Bharti AXA Life Young India Plan

 

 

FEATURES: Bharti Axa Life Young India Plan is a regular premium and traditional participating plan. This plan is specially designed for the young and offers life cover risk till the insured reaches retirement age of 60.


The policy matures at 60 years of age.


ENTRY AGE: You need to be at least 18 years old to buy this policy and not more than 40 years. The minimum annual premium is Rs 8,000.


COVERAGE: You have an option to increase the sum assured or life cover at two important milestones, to be decided by you, such as marriage or childbirth. However, you will have to shell out additional premium for the additional coverage. Additional sum assured cover will terminate when policyholder attains 50 years of age.

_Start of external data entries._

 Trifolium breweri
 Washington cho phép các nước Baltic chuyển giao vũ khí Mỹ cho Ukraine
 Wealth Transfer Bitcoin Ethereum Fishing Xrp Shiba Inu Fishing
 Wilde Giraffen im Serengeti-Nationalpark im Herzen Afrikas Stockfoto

For example, for a 25-year-old male, for a base sum assured of Rs 2,00,000 premium will be Rs 11,678. In case he opts to increase life cover at the first milestone after his wedding at the age of 31 by Rs 8,00,000, he will be charged an additional annual premium of Rs 1,688. If he chooses to raise his life cover by Rs 40,00,000 at the second milestone of childbirth, the additional annual premium will be Rs 9,440.

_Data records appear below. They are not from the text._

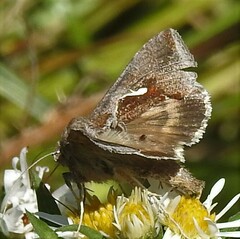 Anagrapha falcifera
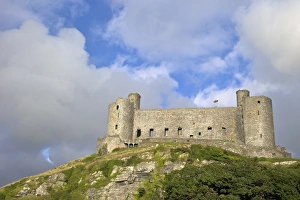 Traditionally Welsh Prints: Harlech Castle in summer sunshine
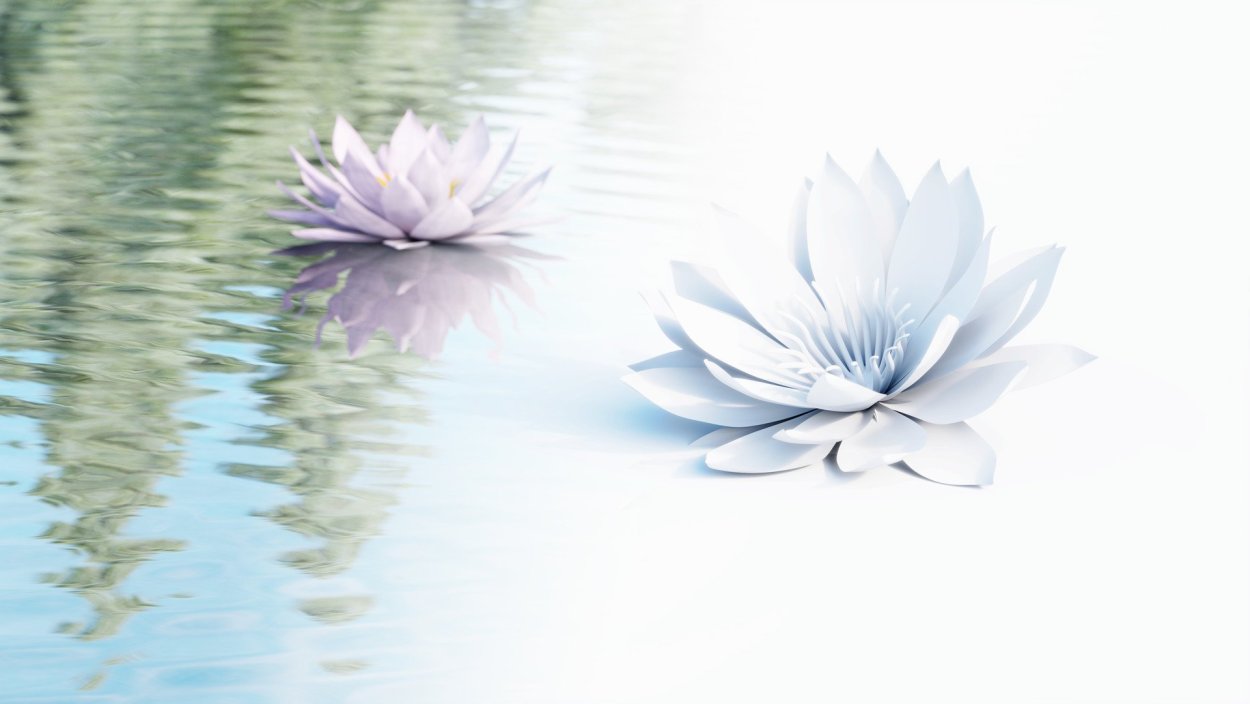 Лотос на Светлом фоне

MONEYBACK: Money can be claimed after completion of three policy terms. The amount will depend at the time the claim is made. The minimum amount will be 10 per cent and the maximum is 29.5 per cent of the base sum assured.

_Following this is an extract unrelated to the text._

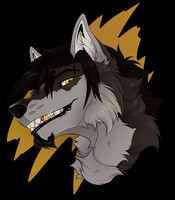 Mason - headshot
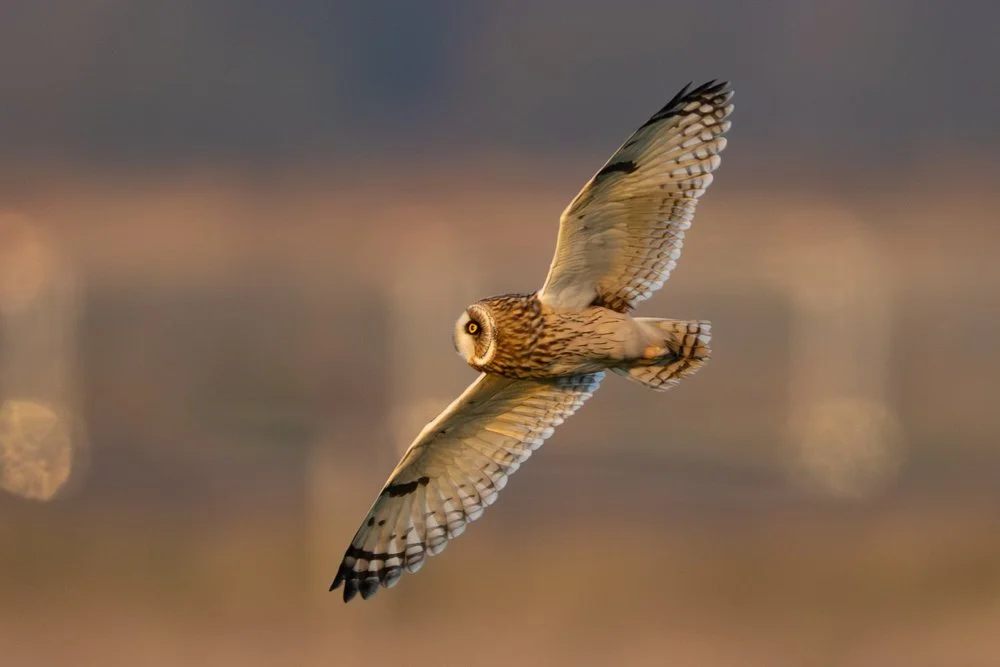Raptors in the Humber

SURRENDER BENEFITS: Surrender benefits are available only after completion of three years. The insurer is obligated to pay only 30 per cent of the premium paid (excluding first-year premium). It could also pay a special surrender value. Bonus accumulated will be paid.


DISCOUNT:
You get a marginal discount of 5 per cent on premium if you choose a base sum assured of Rs 5,00,000 lakh or more.


MATURITY BENEFIT: The policy matures when you turn 60 years. At maturity, you will receive 200 per cent of the base sum assured plus accrued bonuses, if any.


LOAN: A loan can be availed against this policy, provided the first three years' premiums have been paid in full and the policy has acquired surrender value.

Anyone who has financial responsibility must buy a term plan with significant life cover so that in case of an unfortunate event in the future, the interest of the family can be safeguarded. There are no maturity benefits in a term plan. This plan has limitations because the additional life cover terminates at 50 years, which is hardly a time when all responsibilities are met.


Considering the premium paid, the returns on the premium paid may not be very satisfying.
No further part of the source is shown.